Brigada

Con cada palazo el traje protector pesaba más, pero la motivación y la adrenalina le hacían mantener el ritmo. De vez en cuando paraba unos segundos para limpiar la visera del casco, empañada por el sudor, y tomar unos sorbos de agua para prevenir la deshidratación. Obviamente, tenía ganas de descansar, porque llevaba así horas y horas de fatiga acumulada, pero miraba el panorama a su alrededor y, sin saber de dónde, le volvían las fuerzas.

El proceso era simple: golpeaba los matojos ardientes y los tizones que tenía a su alcance. Cuando consideraba dominados esos pocos palmos de terreno, avanzaba unos pasitos sobre la tierra caliente y estéril, y volvía a repetir su baile de buenas intenciones.
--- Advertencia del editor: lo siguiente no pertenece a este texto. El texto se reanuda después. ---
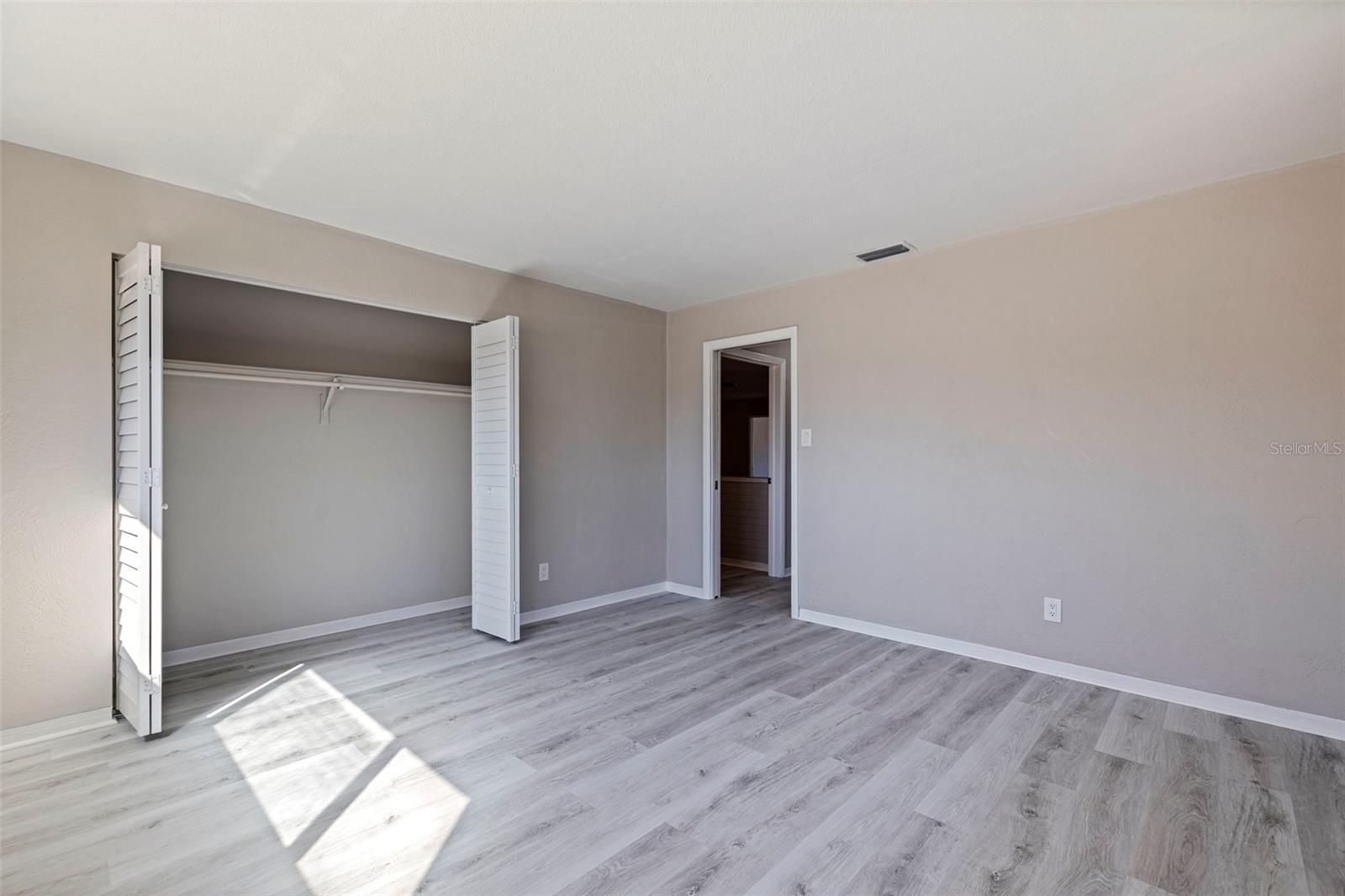 2nd bedroomBedroom 2 offering a spacious layout with updated vinyl plank flooring and neutral finishes. A wide closet with bifold doors provides ample storage, while the clean lines and natural light create a comfortable setting for guests, family, or a dedicated workspace.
Aunque sabía que no debía ignorar las consignas del capataz, y que tenía que estar alerta, pendiente de los condicionantes de extinción, actuaba de forma mecánica. Mientras sus brazos y su espalda subían y bajaban, miraba de reojo al cielo. No era una súplica, era una búsqueda. Pero infructuosa: no había Luna que le dijese que su universo seguía en pie pese al desastre natural; tampoco había nubes que la cubriesen, anticipando una lluvia que sería tan bienvenida en su familiar Galicia. Sólo encontró un enjambre naranja y gris, chispas y ceniza flotando a muchos metros del suelo, movidas por el viento hasta que se unían al manto de residuos que lo cubría todo.
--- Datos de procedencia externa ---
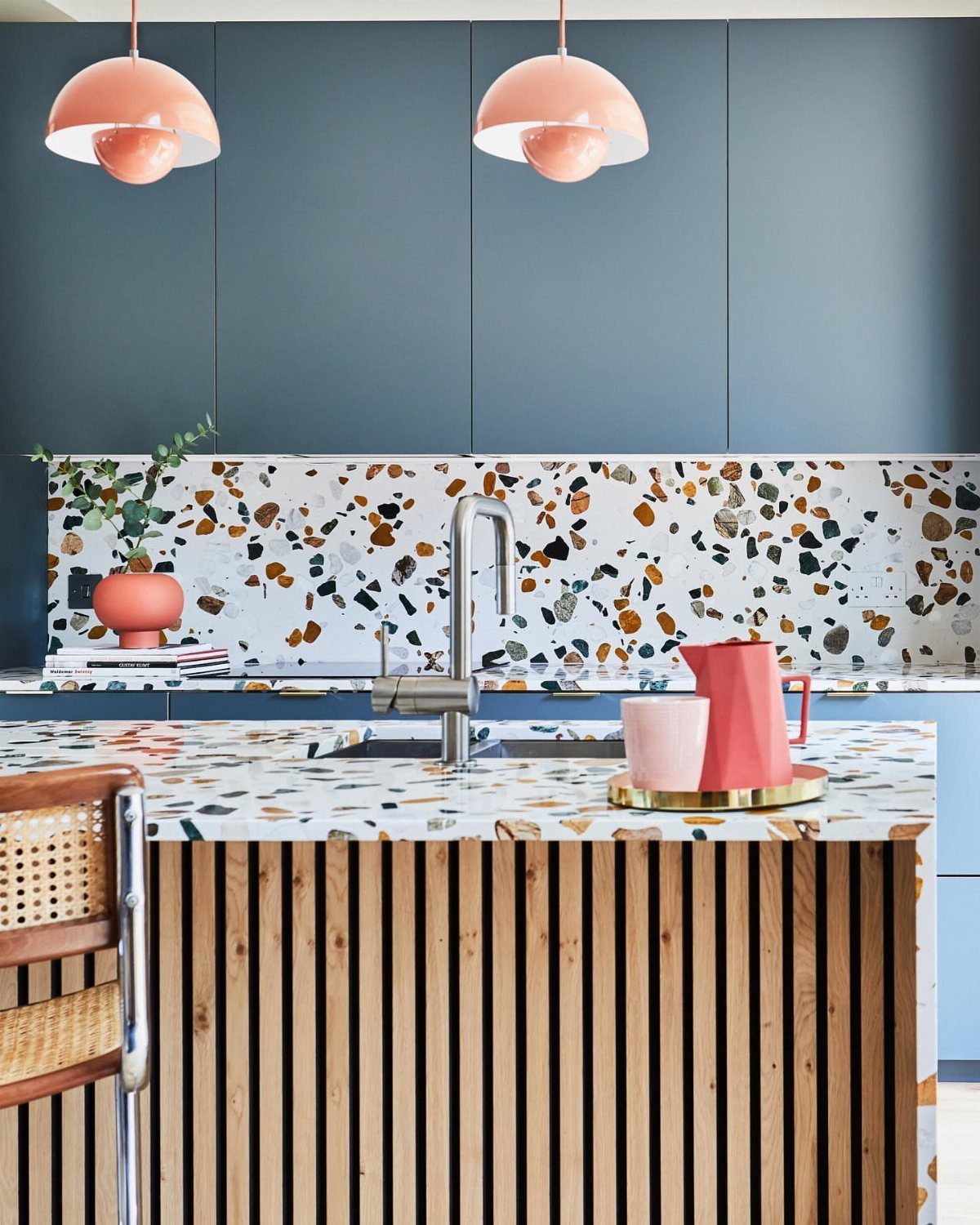 Blue-grey kitchen cabinets with a colorful terrazzo countertop and pink pendant lights.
La transpiración corporal, la respiración anhelante, y puede que alguna lágrima, volvieron a enturbiar la pantalla plástica. Se quitó los guantes, la limpió, y aprovechó para frotarse los ojos: picaban, y no sólo por el humo. Se volvió a equipar, y siguió a lo suyo. No era momento de rendirse: ya volverían los cielos limpios, los astros claros, los bosques verdes, y los días tranquilos. Mientras tanto, arriba y abajo, arriba y abajo, arriba y abajo, arriba…


Este no era mi relato para la convocatoria de octubre (luna) de Divagacionistas, pero los acontecimientos piden improvisar otro, homenaje a los que luchan contra el fuego.